### Assigned task
Set down exactly the first line of the entries and every line after it, through the line with "175 South Street Champlain NY 12919".
═══ Input data ═══
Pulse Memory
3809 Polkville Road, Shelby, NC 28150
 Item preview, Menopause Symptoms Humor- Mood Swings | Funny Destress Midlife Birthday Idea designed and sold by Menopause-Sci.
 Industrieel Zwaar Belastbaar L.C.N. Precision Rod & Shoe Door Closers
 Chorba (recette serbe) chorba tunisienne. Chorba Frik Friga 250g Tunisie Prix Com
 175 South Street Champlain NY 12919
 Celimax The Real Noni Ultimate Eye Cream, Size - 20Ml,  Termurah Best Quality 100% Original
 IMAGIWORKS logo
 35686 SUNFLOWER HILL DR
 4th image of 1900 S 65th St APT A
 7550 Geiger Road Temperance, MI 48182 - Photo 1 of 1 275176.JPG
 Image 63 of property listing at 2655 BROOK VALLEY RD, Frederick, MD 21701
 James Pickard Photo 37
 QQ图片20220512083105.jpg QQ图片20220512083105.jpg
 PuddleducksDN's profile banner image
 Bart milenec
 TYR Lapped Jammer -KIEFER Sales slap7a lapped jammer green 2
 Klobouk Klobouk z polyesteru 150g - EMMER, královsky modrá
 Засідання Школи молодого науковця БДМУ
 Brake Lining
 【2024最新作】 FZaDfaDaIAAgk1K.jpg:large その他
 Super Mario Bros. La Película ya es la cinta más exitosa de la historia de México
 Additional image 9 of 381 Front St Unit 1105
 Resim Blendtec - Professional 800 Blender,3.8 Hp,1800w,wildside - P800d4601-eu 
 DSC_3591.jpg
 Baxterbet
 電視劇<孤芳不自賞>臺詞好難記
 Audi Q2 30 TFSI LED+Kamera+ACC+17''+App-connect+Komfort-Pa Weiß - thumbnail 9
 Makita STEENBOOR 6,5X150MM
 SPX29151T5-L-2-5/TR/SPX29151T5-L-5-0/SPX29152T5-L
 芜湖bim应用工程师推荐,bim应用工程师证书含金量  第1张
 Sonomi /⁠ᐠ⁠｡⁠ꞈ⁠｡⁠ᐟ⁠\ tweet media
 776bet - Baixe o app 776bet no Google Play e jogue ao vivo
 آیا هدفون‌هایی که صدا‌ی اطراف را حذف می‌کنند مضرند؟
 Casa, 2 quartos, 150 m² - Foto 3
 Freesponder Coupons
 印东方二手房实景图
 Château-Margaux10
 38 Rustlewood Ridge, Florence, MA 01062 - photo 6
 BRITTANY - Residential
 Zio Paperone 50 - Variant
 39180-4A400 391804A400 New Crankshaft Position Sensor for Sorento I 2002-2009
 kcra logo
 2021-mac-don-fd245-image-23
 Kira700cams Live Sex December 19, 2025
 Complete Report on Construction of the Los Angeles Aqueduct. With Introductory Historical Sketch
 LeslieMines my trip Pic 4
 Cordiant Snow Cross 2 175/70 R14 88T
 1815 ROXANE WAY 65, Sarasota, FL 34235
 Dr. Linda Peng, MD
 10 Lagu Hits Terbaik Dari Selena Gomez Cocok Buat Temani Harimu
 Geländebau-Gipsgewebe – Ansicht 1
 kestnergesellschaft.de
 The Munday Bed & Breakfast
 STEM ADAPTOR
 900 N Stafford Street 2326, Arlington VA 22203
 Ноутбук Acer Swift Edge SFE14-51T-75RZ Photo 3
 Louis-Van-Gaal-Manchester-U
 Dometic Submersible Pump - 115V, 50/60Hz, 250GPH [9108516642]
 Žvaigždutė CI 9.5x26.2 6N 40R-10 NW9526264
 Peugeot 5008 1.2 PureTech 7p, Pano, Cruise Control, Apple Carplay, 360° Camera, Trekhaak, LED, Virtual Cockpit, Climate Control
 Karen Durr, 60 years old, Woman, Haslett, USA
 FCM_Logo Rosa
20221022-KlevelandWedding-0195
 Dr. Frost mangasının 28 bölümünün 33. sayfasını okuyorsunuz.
═══
### Solution for this task
Pulse Memory
3809 Polkville Road, Shelby, NC 28150
 Item preview, Menopause Symptoms Humor- Mood Swings | Funny Destress Midlife Birthday Idea designed and sold by Menopause-Sci.
 Industrieel Zwaar Belastbaar L.C.N. Precision Rod & Shoe Door Closers
 Chorba (recette serbe) chorba tunisienne. Chorba Frik Friga 250g Tunisie Prix Com
 175 South Street Champlain NY 12919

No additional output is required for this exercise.